Reproduce every line of the material below exactly. No pictures belong in the copy.

-- Collected data follows --

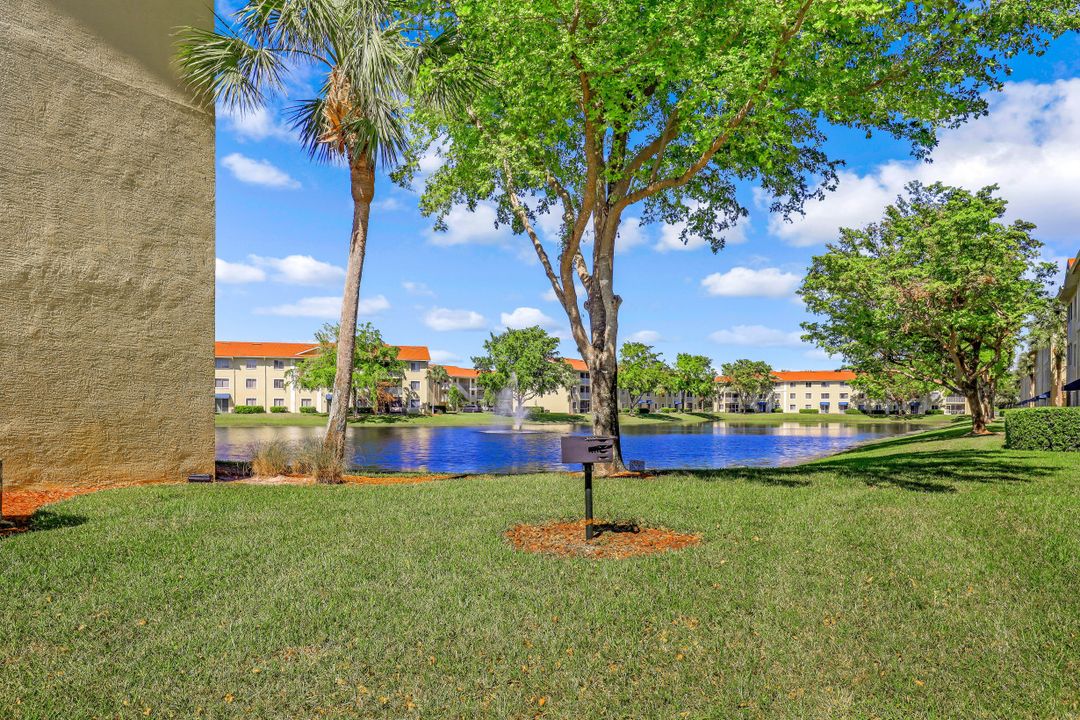 8271 Key Royal Cir #933, Naples, FL 34119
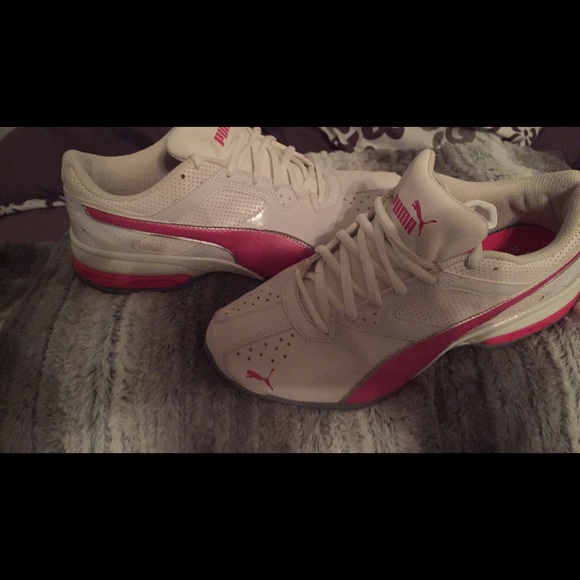 Size 10 ladies sneakers - Picture 2 of 2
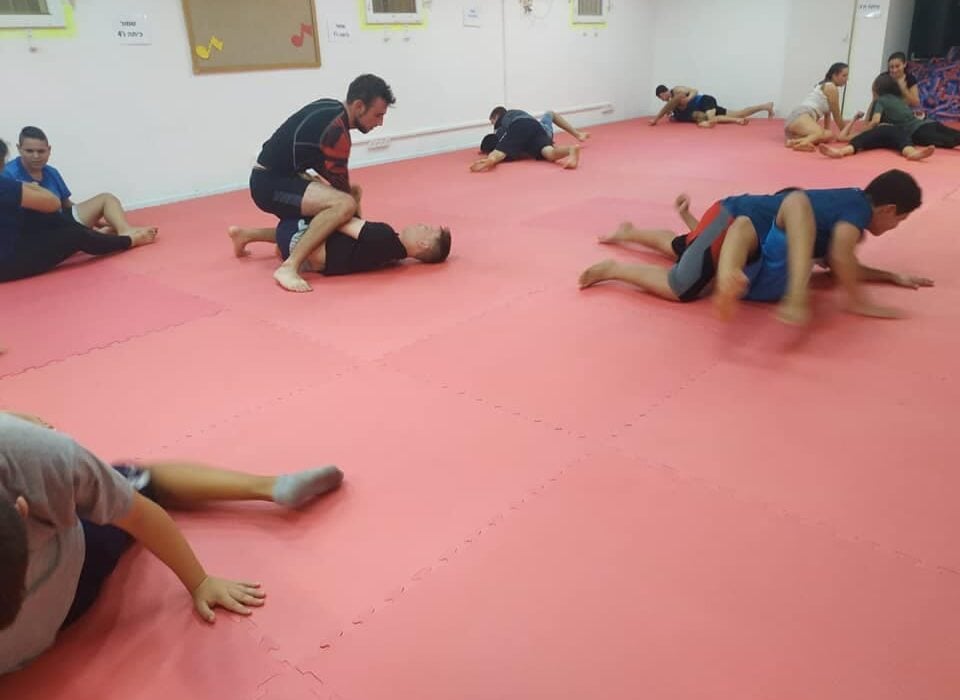 Guttman Academy אמ.אמ.איי - MMA קרב מגע – Krav Maga  מגדל העמק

-- Collected data concluded --

**Answer box:**
 8271 Key Royal Cir #933, Naples, FL 34119
 Size 10 ladies sneakers - Picture 2 of 2
 Guttman Academy אמ.אמ.איי - MMA קרב מגע – Krav Maga  מגדל העמק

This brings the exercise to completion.